DEMAND for Housing Board (HDB) resale flats may ease in the wake of yesterday’s measures to toughen up rules on home lending.
The new regulations have lowered the maximum loan amount a bank can lend – this is known as loan-to-value (LTV) limit – from 90per cent to 80per cent.
That means buyers of private homes and HDB resale flats will now have to stump up a deposit of at least 20per cent of the purchase price, up from 10per cent.
The LTV for those eligible for HDB loans, such as first-time buyers and second-timers who are upgrading, is already at 90per cent and remains unchanged.
This is because there are already HDB measures in place to curb speculation and encourage financial prudence, said the Government yesterday.
For example, there is a minimum owner occupation period of three to five years and a restriction on ownership to one flat per household.

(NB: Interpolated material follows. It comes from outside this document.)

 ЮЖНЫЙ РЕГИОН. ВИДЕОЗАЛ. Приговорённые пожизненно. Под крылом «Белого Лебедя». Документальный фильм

Housing analysts told The Straits Times yesterday that the new rules – they come into effect today – will hit the private property market more than the HDB resale sector, but there will be some impact.
Ngee Ann Polytechnic real estate lecturer Nicholas Mak said higher interest rates tended to deter most HDB buyers from borrowing up to 90per cent of the purchase price.
HDB resale homes are also cheaper than private property and there are fewer short-term speculators in the market.
But analysts say the demand for resale flats – which has been red hot and pushing prices to record levels recently – is likely to be tempered.
PropNex chief executive Mohamed Ismail said the segment of buyers that will be most affected are private property owners and permanent residents (PRs) who are not eligible for HDB loans.
The bulk of homeseekers – mostly first-timers and second-time upgraders – qualify for HDB loans and will not be affected.
But for those PRs who have not worked for a long period of time and accumulated enough CPF savings, the new rules may delay their home purchases, said Mr Ismail.
The amount of money paid upfront to a seller over a flat’s valuation – called cash-over-valuation (COV) – may also come down if buyers are less-cash rich and unable to afford high premiums, he added.
The median COV amount paid for HDB resale flats soared to a record $24,000 in the fourth quarter last year.
Resale flat prices have surged about 40per cent in the past three years.
Anxious buyers priced out of the market have pointed to private property owner-speculators and PR buyers as possible factors contributing to the sky-high demand, although the Government maintains that these buyers are a minority and not a significant market force.
A joint statement from the Ministries of National Development and Finance and the Monetary Authority of Singapore said the rules to tighten credit to the housing market were aimed at encouraging greater financial prudence among buyers.